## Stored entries
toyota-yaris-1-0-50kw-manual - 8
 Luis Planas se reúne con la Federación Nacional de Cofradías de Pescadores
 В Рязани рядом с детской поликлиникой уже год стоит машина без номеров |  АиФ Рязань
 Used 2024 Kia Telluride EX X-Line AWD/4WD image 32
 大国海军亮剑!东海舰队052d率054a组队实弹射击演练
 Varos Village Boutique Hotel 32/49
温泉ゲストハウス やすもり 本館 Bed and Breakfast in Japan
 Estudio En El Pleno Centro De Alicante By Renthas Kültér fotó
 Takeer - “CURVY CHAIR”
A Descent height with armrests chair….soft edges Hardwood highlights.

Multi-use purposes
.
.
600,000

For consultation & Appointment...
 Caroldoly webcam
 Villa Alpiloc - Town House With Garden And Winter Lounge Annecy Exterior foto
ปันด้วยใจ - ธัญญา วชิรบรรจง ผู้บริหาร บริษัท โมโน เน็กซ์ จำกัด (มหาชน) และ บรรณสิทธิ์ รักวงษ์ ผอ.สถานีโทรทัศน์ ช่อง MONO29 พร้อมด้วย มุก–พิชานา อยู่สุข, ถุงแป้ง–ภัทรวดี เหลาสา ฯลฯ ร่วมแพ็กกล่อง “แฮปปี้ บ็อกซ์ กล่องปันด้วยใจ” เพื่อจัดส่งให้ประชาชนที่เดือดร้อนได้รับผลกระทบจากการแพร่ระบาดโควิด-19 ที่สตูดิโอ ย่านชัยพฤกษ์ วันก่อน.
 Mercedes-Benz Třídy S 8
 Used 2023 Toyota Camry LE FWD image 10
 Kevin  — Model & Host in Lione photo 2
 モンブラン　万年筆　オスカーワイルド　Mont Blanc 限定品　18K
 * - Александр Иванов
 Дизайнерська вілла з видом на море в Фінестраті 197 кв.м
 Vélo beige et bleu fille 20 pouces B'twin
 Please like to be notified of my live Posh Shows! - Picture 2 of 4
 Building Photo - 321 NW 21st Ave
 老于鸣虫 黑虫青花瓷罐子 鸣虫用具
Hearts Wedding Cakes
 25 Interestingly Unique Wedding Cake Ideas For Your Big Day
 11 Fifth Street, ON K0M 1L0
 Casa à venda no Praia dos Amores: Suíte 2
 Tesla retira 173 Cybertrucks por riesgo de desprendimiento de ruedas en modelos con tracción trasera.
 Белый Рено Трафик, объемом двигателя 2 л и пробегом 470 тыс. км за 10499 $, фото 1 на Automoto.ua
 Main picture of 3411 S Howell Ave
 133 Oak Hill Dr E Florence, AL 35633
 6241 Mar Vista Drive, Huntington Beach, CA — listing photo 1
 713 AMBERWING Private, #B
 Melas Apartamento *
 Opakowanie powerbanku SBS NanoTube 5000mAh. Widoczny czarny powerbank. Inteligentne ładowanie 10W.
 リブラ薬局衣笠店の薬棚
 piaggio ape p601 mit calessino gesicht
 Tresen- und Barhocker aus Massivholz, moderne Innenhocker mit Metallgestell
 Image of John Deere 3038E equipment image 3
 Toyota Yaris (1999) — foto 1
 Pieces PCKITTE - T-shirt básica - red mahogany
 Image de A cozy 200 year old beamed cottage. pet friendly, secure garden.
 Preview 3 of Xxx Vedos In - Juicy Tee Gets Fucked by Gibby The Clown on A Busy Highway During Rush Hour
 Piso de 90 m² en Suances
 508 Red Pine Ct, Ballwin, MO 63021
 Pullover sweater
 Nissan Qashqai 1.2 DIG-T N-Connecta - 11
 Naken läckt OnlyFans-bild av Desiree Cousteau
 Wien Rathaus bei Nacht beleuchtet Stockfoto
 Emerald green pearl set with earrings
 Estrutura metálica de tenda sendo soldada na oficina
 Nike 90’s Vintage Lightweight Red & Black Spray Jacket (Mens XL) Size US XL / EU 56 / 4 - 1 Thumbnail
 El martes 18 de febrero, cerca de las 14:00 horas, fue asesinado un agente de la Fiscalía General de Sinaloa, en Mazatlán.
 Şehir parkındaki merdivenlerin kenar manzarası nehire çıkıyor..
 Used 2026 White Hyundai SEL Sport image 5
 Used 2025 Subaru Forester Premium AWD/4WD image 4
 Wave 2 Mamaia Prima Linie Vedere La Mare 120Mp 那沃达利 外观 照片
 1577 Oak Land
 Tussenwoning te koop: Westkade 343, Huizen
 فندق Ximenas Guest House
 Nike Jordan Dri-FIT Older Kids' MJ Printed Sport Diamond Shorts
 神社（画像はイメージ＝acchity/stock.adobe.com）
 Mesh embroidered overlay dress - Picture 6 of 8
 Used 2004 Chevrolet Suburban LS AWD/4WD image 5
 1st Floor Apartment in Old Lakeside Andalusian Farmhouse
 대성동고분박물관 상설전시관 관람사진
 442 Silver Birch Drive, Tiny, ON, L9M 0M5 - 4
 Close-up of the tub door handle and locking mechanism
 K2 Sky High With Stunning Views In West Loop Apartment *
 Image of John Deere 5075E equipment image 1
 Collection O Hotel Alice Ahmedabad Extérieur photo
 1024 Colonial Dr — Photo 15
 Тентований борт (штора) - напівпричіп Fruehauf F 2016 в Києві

## Work to complete
Match on "Used" and report each line of the data above that has it.

## Answer box
 Used 2024 Kia Telluride EX X-Line AWD/4WD image 32
 Used 2023 Toyota Camry LE FWD image 10
 Used 2026 White Hyundai SEL Sport image 5
 Used 2025 Subaru Forester Premium AWD/4WD image 4
 Used 2004 Chevrolet Suburban LS AWD/4WD image 5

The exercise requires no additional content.